His Job Is a Day at Beach

Randy Stoklos must know what Lou Gehrig felt like--or Eddie Mathews, or the guy who played third base in the Tinker-to-Evers-to-Chance infield. A lineman in front of the Four Horsemen. Lincoln's vice president.

Randy Stoklos could tell you all about it. He is one of the great volleyball players of all time. He has won more money than anyone who has played the game. Last year, he became the first million-dollar earner in the sport's history. He is second in tournaments won. He can spike, set, dig or serve with the best who ever did.

But when he walks into a room and is introduced as a volleyball player, what he is likely to hear is: "Volleyball? Do you know Sinjin Smith?' "

Know him! Did Gehrig know Babe Ruth? Did Mathews know Henry Aaron? Did the blockers know the Four Horsemen?

Sinjin Smith has won 131 open tournaments. In 113 of them, Randy Stoklos was his partner.

Sinjin Smith was the great golden boy of beach volleyball in California. Blond, bronzed, magazine-cover good looks, he looked like the whole world's idea of what L.A.'s beach boys and surfers should look like. He was a superb player, but he was an even better spokesman for the game when it was trying to get a foothold on the American sports scene.

It was not that Stoklos looked as if he just climbed off a truck in Utica. Tall at 6 feet 4, slim of hip, and waist, broad of shoulder, solid at 215 pounds, tanned and coordinated, he looked as if he had just left Muscle Beach or the shore break at Santa Monica. The women drooled.

But even volleyball fans knew him only as a name, not an individual. He came into focus like Tonto. He was the straight man, second banana. Even the Olympians, Karch Kiraly and Steve Timmons, were more identifiable. He played for pay, not glory. He was a superstar without portfolio.

He even had more trouble getting into the sport than others. Your average Southern California volleyball player is a beach rat who spent more time on a shoreline than a sea gull. He is 90% saltwater. Two more years and he grows fins.

Randy had to fight City Hall to go to the beach. City Hall was dad. His father, a stern, old-country type from Poland thought only bums and no-goodniks hung around the ocean getting a tan.

Papa Rudy Stoklos had good reason to fear the lazy life. He was a survivor of one of Hitler's concentration camps. He escaped, though, and because he spoke German as well as his native Polish, he was able to keep out of the reach of the SS and stay alive till he could migrate to America.

Stoklos' father knew it was a harsh world out there and he couldn't see how playing with a ball on a beach was going to fit his son for anything but life as a dilettante. There were no beaches at Buchenwald.

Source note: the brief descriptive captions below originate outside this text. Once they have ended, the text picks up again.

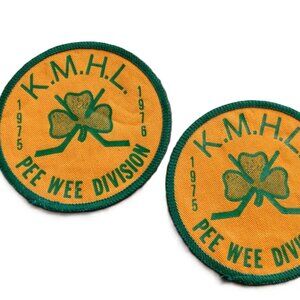 Vintage Patches Hockey K.M.H.L. PeeWee Division 1975-76 Girl Guides Collectible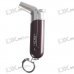 Honest Double-Flame Butane Jet Torch Lighter Keychain (Assorted Color)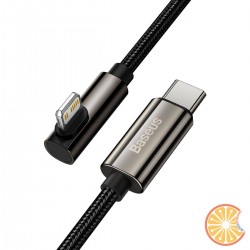 Cable USB-C to Lightning Baseus Legend Series, PD, 20W, 2m (black)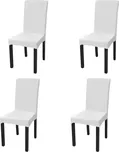 vidaXL Hladké strečové potahy na židle…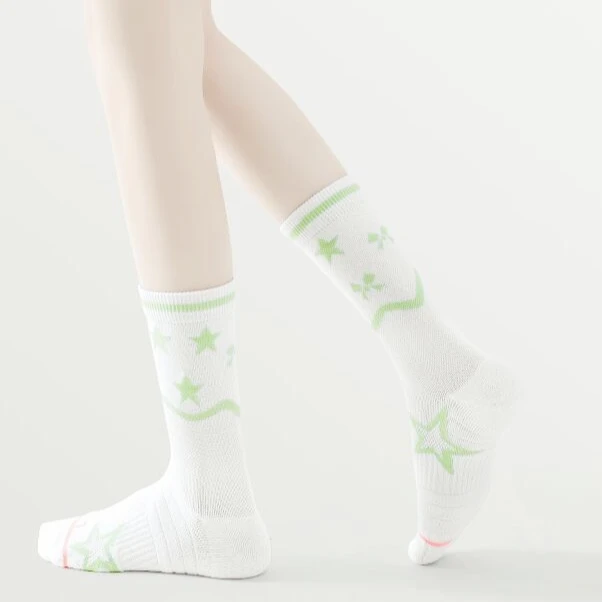 女士运动袜子羽毛球跑步瑜伽袜子毛巾的加厚防滑户外马拉松袜子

The father wanted his son to sweep the floors at the family loudspeaker business, not go prancing barefoot after a round leather ball with the rest of those loafer types. Randy revered his father--but the pull of sport in laid-back California was irresistible.

"I almost had to sneak out to play," he recalls ruefully.

A beach tan is hard to conceal in the Southern California summer, but even when Randy became a part of the Palisades High city championship team, his father found it hard to come to terms with what he considered a frivolity.

Randy didn't exactly have to play under an assumed name, but some friends say his diffident attitude toward publicity may stem from those years when Randy almost had to sneak out to play and have guilt feelings about it. When you're not supposed to be doing something, the last thing in the world you want is your picture in the paper doing it.

It wasn't as if his father thought he was at the school library, but Randy's volleyball prowess was not exactly brought up at the dinner table.

He became a great player almost on the lam, as it were. His Santa Monica City College team won the state championship and he was the MVP. He pleased his father by attending UCLA on a scholarship.

Then the great Sinjin Smith came looking for him as a partner.

"But I never dreamed I could make a million in volleyball," he says. "Back in the early days, sponsorship meant getting a pair of shorts or a shirt from a company, or being paid meal money to wear a company logo."

Today, Miller Lite underwrites a $2.8-million beach tour that travels to 15 states, including such landlocked venues as Louisville, Ky., and Austin, Tex., where the sand--900 tons of it--is trucked in.

Rudy Stoklos died four year ago, but last year, Rudy Stoklos' son won $291,245 playing in the sun, more than anyone has won in that game, which has become a network and cable TV attraction.

More important, he finally came out from the shadow of Sinjin Smith. Now, when Sinjin enters a room, the general conversation often starts with: "Do you know Randy Stoklos?"